DIRECTIONS: Set down, please, without alteration, the lines of the entries below from the first through the one containing "3 Bedroom, 2.5".

---------- RECORDS SHOWN ----------

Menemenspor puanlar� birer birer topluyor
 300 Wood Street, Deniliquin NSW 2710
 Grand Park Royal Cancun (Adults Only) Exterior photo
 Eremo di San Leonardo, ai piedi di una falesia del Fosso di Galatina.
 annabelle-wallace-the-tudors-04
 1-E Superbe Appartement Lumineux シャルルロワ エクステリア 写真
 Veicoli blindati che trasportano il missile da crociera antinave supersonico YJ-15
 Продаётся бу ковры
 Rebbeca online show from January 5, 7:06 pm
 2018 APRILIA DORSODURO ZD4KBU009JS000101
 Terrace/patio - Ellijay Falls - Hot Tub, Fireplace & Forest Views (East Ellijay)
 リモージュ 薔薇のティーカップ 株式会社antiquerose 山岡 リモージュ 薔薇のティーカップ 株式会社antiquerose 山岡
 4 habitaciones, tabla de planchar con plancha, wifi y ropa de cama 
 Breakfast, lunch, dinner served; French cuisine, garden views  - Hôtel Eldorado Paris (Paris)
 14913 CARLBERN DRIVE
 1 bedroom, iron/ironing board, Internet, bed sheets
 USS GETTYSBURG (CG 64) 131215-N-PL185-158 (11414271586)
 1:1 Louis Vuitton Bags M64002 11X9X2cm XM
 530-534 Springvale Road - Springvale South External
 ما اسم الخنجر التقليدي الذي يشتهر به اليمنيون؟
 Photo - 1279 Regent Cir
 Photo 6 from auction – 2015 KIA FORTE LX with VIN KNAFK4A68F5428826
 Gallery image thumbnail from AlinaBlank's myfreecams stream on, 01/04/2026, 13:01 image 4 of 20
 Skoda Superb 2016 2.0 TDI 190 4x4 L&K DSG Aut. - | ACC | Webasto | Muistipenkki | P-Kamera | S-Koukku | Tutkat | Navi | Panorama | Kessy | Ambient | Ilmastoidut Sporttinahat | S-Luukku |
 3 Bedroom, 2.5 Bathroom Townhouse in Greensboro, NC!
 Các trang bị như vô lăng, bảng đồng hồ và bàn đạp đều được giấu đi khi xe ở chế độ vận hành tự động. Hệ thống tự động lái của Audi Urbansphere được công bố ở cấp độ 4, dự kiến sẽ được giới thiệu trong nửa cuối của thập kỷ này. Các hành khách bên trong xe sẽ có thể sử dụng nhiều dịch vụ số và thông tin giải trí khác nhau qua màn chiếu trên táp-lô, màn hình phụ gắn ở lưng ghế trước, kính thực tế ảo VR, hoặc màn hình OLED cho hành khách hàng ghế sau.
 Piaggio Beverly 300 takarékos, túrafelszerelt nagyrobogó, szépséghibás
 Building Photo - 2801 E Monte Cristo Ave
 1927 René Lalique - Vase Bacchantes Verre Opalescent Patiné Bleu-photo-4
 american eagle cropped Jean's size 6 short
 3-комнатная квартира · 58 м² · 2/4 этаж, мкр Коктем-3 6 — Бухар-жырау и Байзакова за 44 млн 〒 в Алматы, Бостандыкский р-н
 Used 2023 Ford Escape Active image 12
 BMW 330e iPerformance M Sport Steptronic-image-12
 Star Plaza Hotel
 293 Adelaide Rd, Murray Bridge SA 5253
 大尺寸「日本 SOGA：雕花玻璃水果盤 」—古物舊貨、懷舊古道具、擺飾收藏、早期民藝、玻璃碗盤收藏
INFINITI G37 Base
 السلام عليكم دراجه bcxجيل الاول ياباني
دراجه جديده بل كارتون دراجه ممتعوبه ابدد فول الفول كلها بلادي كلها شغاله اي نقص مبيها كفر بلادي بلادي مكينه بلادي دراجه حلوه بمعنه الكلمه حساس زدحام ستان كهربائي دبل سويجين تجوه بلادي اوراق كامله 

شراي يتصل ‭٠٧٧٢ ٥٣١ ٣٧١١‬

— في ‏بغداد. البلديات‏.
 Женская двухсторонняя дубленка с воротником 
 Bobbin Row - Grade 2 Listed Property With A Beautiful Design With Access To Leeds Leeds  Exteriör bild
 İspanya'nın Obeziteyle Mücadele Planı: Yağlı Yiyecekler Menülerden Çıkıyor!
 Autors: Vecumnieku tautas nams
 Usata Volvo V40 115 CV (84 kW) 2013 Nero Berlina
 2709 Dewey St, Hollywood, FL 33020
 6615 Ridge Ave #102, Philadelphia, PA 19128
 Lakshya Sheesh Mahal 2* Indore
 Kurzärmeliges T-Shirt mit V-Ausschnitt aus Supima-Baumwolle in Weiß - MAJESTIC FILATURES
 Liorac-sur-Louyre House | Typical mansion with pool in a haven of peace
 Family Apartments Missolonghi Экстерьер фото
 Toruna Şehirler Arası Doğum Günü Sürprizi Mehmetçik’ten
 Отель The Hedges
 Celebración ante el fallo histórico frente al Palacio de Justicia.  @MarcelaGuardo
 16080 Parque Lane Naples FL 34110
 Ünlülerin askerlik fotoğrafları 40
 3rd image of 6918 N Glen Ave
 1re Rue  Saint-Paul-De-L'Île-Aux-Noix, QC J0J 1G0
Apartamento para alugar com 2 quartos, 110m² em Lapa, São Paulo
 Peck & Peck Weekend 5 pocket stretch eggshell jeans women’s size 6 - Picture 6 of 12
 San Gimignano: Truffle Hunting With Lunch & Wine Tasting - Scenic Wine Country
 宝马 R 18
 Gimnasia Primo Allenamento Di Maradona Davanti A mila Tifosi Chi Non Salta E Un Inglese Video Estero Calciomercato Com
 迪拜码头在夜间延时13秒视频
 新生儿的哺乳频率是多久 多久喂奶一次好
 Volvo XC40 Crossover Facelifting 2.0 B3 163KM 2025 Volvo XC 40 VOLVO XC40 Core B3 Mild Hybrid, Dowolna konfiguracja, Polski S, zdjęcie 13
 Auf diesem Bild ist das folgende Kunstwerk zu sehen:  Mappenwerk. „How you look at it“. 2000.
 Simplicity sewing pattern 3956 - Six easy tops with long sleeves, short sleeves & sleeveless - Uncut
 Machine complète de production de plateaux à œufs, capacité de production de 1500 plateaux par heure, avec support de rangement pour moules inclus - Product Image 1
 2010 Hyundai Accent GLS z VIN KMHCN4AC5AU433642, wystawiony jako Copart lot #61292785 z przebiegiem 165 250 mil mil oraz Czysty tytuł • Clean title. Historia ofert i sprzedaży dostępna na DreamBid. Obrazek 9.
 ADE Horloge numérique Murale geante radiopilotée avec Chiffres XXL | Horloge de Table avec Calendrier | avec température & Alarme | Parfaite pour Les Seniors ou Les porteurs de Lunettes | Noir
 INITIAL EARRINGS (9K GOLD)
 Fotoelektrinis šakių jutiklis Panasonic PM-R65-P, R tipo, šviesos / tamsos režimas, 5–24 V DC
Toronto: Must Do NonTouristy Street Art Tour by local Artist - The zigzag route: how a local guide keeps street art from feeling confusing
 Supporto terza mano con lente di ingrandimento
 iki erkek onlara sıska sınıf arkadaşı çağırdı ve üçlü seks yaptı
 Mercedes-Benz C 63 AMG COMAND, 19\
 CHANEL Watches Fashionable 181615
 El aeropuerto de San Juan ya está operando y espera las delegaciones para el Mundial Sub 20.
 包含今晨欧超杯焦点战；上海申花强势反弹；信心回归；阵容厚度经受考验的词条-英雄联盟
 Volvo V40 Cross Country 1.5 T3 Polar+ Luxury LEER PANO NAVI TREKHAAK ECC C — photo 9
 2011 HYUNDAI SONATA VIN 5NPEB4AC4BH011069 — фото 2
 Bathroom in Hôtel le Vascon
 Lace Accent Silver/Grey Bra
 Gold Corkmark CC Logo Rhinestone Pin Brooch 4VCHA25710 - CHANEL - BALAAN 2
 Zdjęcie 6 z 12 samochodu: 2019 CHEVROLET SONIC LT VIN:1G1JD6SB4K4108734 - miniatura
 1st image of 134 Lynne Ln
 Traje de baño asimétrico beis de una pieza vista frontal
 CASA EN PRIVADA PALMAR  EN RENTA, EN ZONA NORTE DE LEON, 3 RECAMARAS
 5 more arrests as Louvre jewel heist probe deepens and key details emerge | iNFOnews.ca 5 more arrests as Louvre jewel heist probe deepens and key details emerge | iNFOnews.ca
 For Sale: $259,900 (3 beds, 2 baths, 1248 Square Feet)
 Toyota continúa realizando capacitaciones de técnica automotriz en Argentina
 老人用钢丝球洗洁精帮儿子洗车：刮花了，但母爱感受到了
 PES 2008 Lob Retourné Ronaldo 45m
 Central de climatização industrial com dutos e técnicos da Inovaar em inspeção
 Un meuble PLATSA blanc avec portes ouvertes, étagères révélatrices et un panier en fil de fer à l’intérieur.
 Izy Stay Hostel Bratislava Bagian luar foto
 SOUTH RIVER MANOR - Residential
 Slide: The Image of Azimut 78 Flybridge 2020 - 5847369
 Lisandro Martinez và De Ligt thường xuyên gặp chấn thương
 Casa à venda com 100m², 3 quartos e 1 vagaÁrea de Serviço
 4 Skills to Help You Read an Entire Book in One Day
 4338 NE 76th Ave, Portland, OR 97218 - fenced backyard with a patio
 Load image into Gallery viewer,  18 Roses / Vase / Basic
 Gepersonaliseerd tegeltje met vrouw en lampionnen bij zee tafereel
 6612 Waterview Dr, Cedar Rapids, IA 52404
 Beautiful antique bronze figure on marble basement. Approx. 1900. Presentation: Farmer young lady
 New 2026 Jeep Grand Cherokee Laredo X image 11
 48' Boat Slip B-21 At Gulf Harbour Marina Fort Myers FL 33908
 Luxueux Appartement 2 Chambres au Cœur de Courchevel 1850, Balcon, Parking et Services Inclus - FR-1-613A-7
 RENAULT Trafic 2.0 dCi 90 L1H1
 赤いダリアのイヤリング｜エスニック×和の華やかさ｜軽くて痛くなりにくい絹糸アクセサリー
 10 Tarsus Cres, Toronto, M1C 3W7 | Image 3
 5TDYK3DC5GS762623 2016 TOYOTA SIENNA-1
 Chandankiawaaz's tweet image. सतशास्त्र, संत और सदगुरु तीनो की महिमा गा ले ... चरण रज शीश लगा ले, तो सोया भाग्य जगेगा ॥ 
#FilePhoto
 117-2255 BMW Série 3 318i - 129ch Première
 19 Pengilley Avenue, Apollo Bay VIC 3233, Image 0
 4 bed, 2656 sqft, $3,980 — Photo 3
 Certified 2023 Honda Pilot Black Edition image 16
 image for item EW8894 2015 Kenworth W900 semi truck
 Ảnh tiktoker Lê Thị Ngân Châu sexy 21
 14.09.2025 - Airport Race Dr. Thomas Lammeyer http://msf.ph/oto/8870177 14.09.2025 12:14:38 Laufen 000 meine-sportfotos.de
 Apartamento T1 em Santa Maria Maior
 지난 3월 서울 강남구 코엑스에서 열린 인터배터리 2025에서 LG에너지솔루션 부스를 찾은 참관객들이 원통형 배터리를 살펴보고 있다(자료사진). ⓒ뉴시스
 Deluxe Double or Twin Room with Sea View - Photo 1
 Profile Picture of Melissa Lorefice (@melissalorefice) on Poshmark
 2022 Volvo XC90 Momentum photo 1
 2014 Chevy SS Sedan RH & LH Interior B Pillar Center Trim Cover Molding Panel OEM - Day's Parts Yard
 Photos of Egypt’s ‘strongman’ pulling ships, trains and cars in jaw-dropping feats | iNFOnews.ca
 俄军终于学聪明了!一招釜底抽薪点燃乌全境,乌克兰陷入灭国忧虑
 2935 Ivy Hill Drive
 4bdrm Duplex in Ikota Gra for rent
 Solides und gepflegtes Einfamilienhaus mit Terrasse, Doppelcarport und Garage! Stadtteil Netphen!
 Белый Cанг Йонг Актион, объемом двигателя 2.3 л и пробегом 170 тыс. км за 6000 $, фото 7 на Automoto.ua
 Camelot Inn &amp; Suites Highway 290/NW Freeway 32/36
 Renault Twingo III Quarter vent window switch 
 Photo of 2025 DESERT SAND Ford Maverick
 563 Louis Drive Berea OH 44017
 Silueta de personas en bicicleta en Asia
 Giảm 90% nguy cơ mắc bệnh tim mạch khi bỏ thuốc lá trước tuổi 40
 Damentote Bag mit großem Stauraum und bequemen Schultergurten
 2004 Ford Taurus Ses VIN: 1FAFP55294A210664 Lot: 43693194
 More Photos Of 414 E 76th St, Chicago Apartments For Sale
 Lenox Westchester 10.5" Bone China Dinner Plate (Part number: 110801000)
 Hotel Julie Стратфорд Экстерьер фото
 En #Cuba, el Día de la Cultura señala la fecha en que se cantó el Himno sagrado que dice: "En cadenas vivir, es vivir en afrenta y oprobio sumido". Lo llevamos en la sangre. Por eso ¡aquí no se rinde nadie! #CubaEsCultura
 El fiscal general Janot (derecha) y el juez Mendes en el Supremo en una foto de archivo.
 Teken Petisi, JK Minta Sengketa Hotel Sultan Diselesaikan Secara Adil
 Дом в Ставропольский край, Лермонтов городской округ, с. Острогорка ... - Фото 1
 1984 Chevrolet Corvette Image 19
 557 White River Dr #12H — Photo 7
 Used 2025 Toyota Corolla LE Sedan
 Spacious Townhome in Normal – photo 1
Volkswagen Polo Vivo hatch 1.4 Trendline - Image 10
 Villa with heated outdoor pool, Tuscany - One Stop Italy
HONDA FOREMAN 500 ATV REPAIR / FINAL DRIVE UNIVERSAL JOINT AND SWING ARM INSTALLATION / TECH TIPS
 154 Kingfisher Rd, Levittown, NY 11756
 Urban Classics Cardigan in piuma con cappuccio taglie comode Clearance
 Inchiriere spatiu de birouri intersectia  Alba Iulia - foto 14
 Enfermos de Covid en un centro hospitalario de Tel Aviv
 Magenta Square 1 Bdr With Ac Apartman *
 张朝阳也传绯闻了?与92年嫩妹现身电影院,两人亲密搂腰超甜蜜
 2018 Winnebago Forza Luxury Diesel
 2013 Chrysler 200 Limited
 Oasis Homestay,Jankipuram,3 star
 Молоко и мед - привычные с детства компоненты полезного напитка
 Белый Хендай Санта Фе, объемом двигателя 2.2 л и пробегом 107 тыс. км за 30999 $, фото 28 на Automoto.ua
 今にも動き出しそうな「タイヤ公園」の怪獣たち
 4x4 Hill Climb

----------

EXERCISE RESULT:
Menemenspor puanlar� birer birer topluyor
 300 Wood Street, Deniliquin NSW 2710
 Grand Park Royal Cancun (Adults Only) Exterior photo
 Eremo di San Leonardo, ai piedi di una falesia del Fosso di Galatina.
 annabelle-wallace-the-tudors-04
 1-E Superbe Appartement Lumineux シャルルロワ エクステリア 写真
 Veicoli blindati che trasportano il missile da crociera antinave supersonico YJ-15
 Продаётся бу ковры
 Rebbeca online show from January 5, 7:06 pm
 2018 APRILIA DORSODURO ZD4KBU009JS000101
 Terrace/patio - Ellijay Falls - Hot Tub, Fireplace & Forest Views (East Ellijay)
 リモージュ 薔薇のティーカップ 株式会社antiquerose 山岡 リモージュ 薔薇のティーカップ 株式会社antiquerose 山岡
 4 habitaciones, tabla de planchar con plancha, wifi y ropa de cama 
 Breakfast, lunch, dinner served; French cuisine, garden views  - Hôtel Eldorado Paris (Paris)
 14913 CARLBERN DRIVE
 1 bedroom, iron/ironing board, Internet, bed sheets
 USS GETTYSBURG (CG 64) 131215-N-PL185-158 (11414271586)
 1:1 Louis Vuitton Bags M64002 11X9X2cm XM
 530-534 Springvale Road - Springvale South External
 ما اسم الخنجر التقليدي الذي يشتهر به اليمنيون؟
 Photo - 1279 Regent Cir
 Photo 6 from auction – 2015 KIA FORTE LX with VIN KNAFK4A68F5428826
 Gallery image thumbnail from AlinaBlank's myfreecams stream on, 01/04/2026, 13:01 image 4 of 20
 Skoda Superb 2016 2.0 TDI 190 4x4 L&K DSG Aut. - | ACC | Webasto | Muistipenkki | P-Kamera | S-Koukku | Tutkat | Navi | Panorama | Kessy | Ambient | Ilmastoidut Sporttinahat | S-Luukku |
 3 Bedroom, 2.5 Bathroom Townhouse in Greensboro, NC!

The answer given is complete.